> _Assignment_: Copy out exactly the lines from the first line of the material below through the line containing "Peach Silk Designer", and nothing beyond them.

(Source records begins)

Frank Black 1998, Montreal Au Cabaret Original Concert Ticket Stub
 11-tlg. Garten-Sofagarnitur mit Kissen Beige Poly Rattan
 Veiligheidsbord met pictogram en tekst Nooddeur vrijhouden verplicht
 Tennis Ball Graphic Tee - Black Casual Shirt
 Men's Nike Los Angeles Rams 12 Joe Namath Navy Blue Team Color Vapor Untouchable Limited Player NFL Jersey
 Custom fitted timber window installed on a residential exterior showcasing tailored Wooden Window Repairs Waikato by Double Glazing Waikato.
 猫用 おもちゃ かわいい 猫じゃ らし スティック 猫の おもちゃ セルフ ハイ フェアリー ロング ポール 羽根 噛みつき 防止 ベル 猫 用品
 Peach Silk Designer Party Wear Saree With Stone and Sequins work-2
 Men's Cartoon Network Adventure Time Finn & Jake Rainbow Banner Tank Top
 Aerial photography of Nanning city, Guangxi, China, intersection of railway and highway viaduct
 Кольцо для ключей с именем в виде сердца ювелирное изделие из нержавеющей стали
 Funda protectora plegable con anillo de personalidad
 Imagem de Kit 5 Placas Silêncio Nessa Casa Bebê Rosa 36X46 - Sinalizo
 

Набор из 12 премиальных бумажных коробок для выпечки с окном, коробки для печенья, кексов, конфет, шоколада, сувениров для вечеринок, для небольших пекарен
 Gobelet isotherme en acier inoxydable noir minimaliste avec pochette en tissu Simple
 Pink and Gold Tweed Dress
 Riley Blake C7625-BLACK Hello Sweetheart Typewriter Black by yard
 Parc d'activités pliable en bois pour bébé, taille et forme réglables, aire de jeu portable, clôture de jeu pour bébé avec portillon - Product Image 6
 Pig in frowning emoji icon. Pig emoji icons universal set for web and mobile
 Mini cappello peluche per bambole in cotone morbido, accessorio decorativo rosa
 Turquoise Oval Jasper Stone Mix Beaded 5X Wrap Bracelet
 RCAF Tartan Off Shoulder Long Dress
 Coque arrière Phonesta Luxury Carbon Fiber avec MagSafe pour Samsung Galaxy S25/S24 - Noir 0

(Source records ends)

> _The completed task_:
Frank Black 1998, Montreal Au Cabaret Original Concert Ticket Stub
 11-tlg. Garten-Sofagarnitur mit Kissen Beige Poly Rattan
 Veiligheidsbord met pictogram en tekst Nooddeur vrijhouden verplicht
 Tennis Ball Graphic Tee - Black Casual Shirt
 Men's Nike Los Angeles Rams 12 Joe Namath Navy Blue Team Color Vapor Untouchable Limited Player NFL Jersey
 Custom fitted timber window installed on a residential exterior showcasing tailored Wooden Window Repairs Waikato by Double Glazing Waikato.
 猫用 おもちゃ かわいい 猫じゃ らし スティック 猫の おもちゃ セルフ ハイ フェアリー ロング ポール 羽根 噛みつき 防止 ベル 猫 用品
 Peach Silk Designer Party Wear Saree With Stone and Sequins work-2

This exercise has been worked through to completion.